Ryan Nehring was a postdoctoral research fellow on the project from 2021–2022. In 2022 he moved to the International Food Policy Research Institute, where he is an associate research fellow.
Ryan’s academic work is mostly based in Latin America, with a focus on Brazil. He has published comparative research on the state-based implementation of food sovereignty in Latin America and Sub Saharan Africa. In Brazil, most of his research has centred on the knowledge politics and history of Brazil’s public research agency, the Brazilian Agricultural Research Corporation (Embrapa). This has resulted in an article in Geoforum and is the subject of his dissertation titled Techno-tropicalismo: Public Agricultural Research and the Brazilian Green Revolution. Some of Ryan’s research has also included collaboration with Embrapa researchers on an article that analyses the historical development of agricultural research institutions in Brazil and the U.S. His more recent work includes an article for the International Journal of Agricultural Sustainability that critiques the claims of no-till agriculture as a sustainable model in the Brazilian Cerrado, and another article on the history of gendered labour in U.S. development assistance with rural extension and home economics in the state of Minas Gerais, Brazil.
He holds a Master’s in International Development Studies from St.

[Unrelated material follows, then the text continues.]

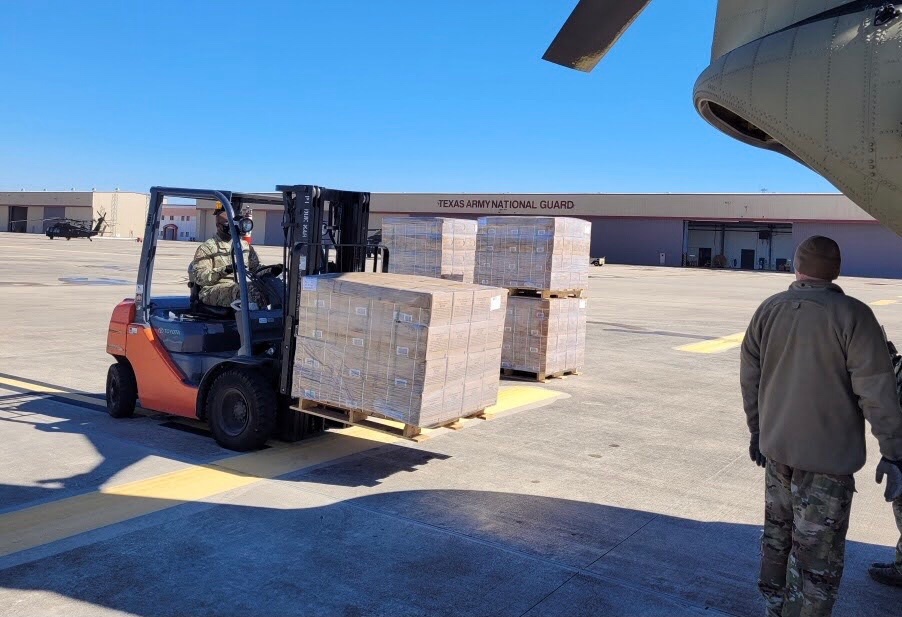 TXMilitary's tweet photo. Texas Soldiers load a Chinook helicopter with cases of food to be delivered to Texans in need. #TexansHelpingTexans https://t.co/CcwwCbg2uq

Mary’s University (Canada) and a Master’s and PhD in Development Sociology from Cornell University, under supervision by Dr. Wendy Wolford. Prior to his academic career, Ryan served as a researcher for the United Nations Development Programme – International Policy Centre for Inclusive Growth in Brasilia, Brazil. Over the past eight years, he has continued to consult with development agencies on research related to food procurement policies and rural poverty reduction.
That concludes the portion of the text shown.